Quelques récensions 2009 et 2010 pour Le Protestant de l'Ouest

Un livre sur Jésus de plus ?

Jésus : la foi au risque de l'histoire / Pierre Prigent. - Lyon, Olivétan, 2010. - 305 p. ; 23 cm . - (Collection biblique).

Jésus est un de ceux sur lequel on a le plus écrit. Des écrivains, Renan, Mauriac, des croyants Boegner ou Duquesne, et même le Dalaï-lama. Alors, un de plus ?

Dans ce livre on sent la patte du théologien, de l'historien, du professeur. Ce livre n'est pas une biographie de Jésus. Ce n'est pas une anti-biographie de Jésus. Ce n'est pas un livre pour convaincre que, si, bien sûr, Jésus est le Christ, et il faut croire en lui. Ni d'ailleurs un livre qui voudrait laisser entendre que Jésus n'a pas existé, ou qu'il n'a pas été ce que l'Eglise dit qu'il a été.

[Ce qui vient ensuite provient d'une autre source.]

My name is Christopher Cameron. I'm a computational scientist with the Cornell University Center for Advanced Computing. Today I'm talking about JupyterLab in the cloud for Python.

Ce serait plutôt un manuel pour étudiant des Evangiles.
L'auteur nous offre d'abord une méthodologie. Il nous donne les principes de base pour aborder ces textes à partir d'une analyse de leur construction.
Et ensuite il applique ces principes, mais non pas sur quelques textes, quelques épisodes, mais sur l'ensemble des quatre évangiles.
Il part à la recherche des personnages de ces récits, d'abord Jésus, puis les autres. Il passe en revue divers aspects des paroles, des actes de celui qui sera appelé le Messie.
Dans son analyse, il essaye de voir si derrière les textes et les variantes on peut deviner une intention, entrevoir une vraisemblance, acquérir une certitude.

Je poserai tout de même un léger bémol technique. Si l'index des références bibliques est bien fourni, on peut se demander si la masse des écrits sur Jésus et les évangiles n'a pas découragé la publication d'une bibliographie qui manque.

L'ensemble de sa démarche est porté par cette recherche de celui qui est venu nous annoncer et vivre l'amour de Dieu pour les hommes.

Alors, si vous voulez sortir d'une lecture liturgique ou d'une lecture biographique des évangiles, ce livre vous ouvrira des horizons. Préparez-vous à quelques remises en question, mais je crois que votre lecture ultérieure de ces textes fondateurs de votre foi en sera enrichie.

 

Inviter l'histoire de l'église à son moment de méditation personnel

L'Evangile médité par les pères : Jean / Daniel Bourguet. - Lyon, Olivétan, 2010. 271 p. ; 20 cm. - (Veillez et priez).

Pour étudier l'évangile selon Jean, on se tourne vers un (des) commentaire(s), classique(s) ou académique(s). Comme appui de son moment de méditation personnel, on utilise un calendrier à effeuiller, un éphéméride ou un recueil annuel.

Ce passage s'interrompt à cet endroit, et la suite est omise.